HISTORY AND CULTURAL CONTEXTS

Perhaps the most prominent forerunner of the physical culture movement was the mid-nineteenth-century doctrine of muscular Christianity. Aimed at young men, this stressed the twin goals of physical fitness, largely through participation in sports, and religious observance, drawing its inspiration in part from the Roman satirist Juvenal's doctrine of mens sana in corpore sano (a sound mind in a sound body). Its advocates included such English writers as Charles Kingsley and Thomas Hughes, who made it the underlying value system of his 1857 novel, Tom Brown's School Days. Despite the popularity of Hughes's novel, and although gymnasia opened in Northampton, Massachusetts, in 1823, in Paris in 1847, and at Oxford University in England in 1858, the physical culture movement did not become fully developed until it was mass-marketed by Eugen Sandow (1867–1925) and Bernarr Macfadden (1868–1955) at the end of the nineteenth century.

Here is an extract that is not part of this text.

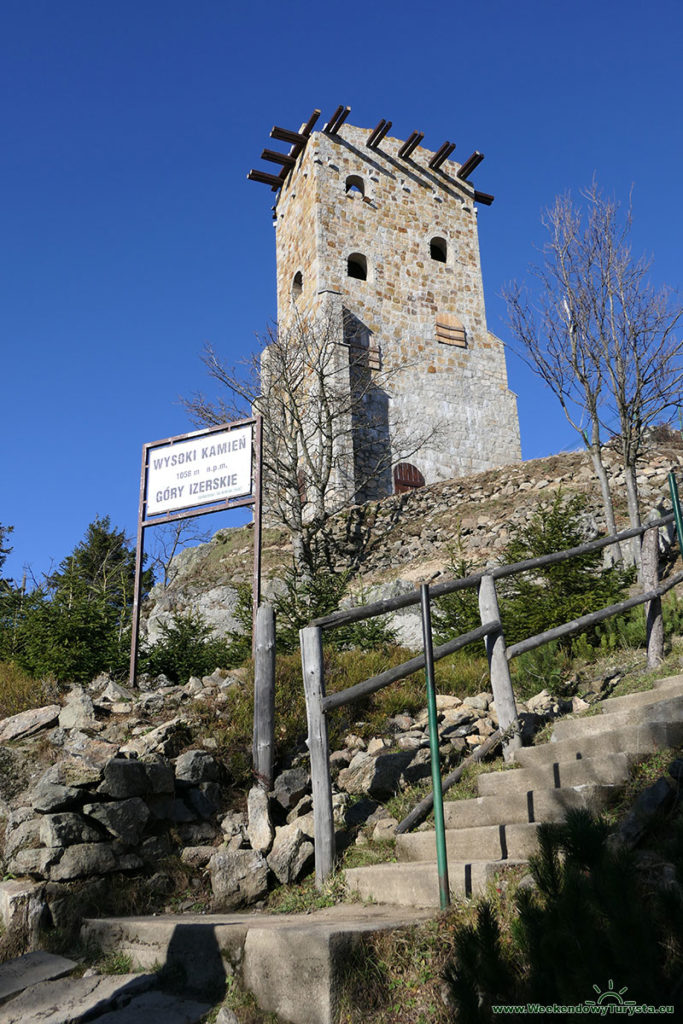 Wieża widokowa przy schronisku na Wysokim Kamieniu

Sandow is generally credited as the originator of what would eventually become modern bodybuilding. Born in Prussia, Sandow performed throughout Europe as a sideshow strongman before coming to America in 1893 to appear at the World's Columbian Exposition in Chicago, where he was hired by showman Florenz Zeigfeld to tour in a variety show. Sandow's act quickly evolved from performing feats of strength to displaying his muscular development by covering himself in white powder and imitating the poses of classical statues, such as The Dying Gaul, albeit with the addition of a discretely placed fig leaf. Photographs of him in such poses were widely marketed, establishing the tradition of physique photography. Sandow is also credited with organizing the first bodybuilding contest, "The Great Competition," at the Royal Albert Hall in London in 1901, with Sir Arthur Conan Doyle as one of the judges.

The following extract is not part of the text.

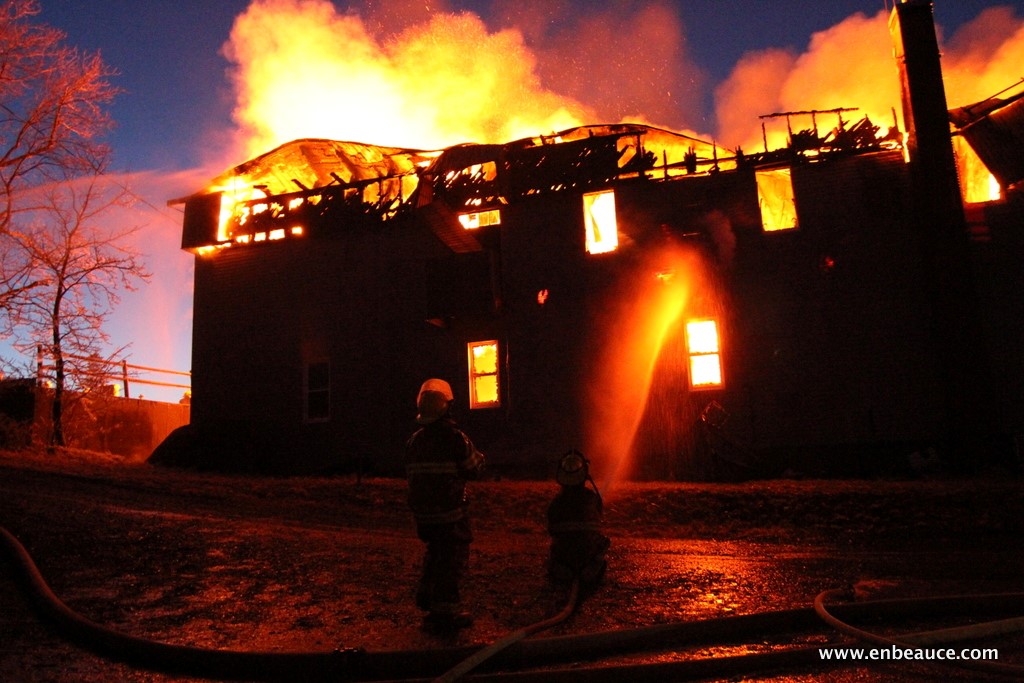 La salle communautaire de St-Honoré est la proie des flammes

Largely forgotten now, Macfadden was known during his lifetime as the Father of Physical Culture. Influenced by Sandow's show at the Columbian Exposition, Macfadden toured in his own muscle display show, developed and marketed exercise equipment, opened physical culture clubs in cities across the country, and in 1898 began publishing Physical Culture magazine. By 1903 the magazine was selling 100,000 copies per month, and it would eventually provide the basis for a publishing empire. Macfadden was also an early proponent of physical activity for women, advocating that they participate in outdoor sports such as swimming and tennis, publishing a fitness magazine (Beauty and Health) aimed at a female audience, and campaigning against corsets and restrictive clothing. Beginning in 1904, he organized bodybuilding competitions that included both genders.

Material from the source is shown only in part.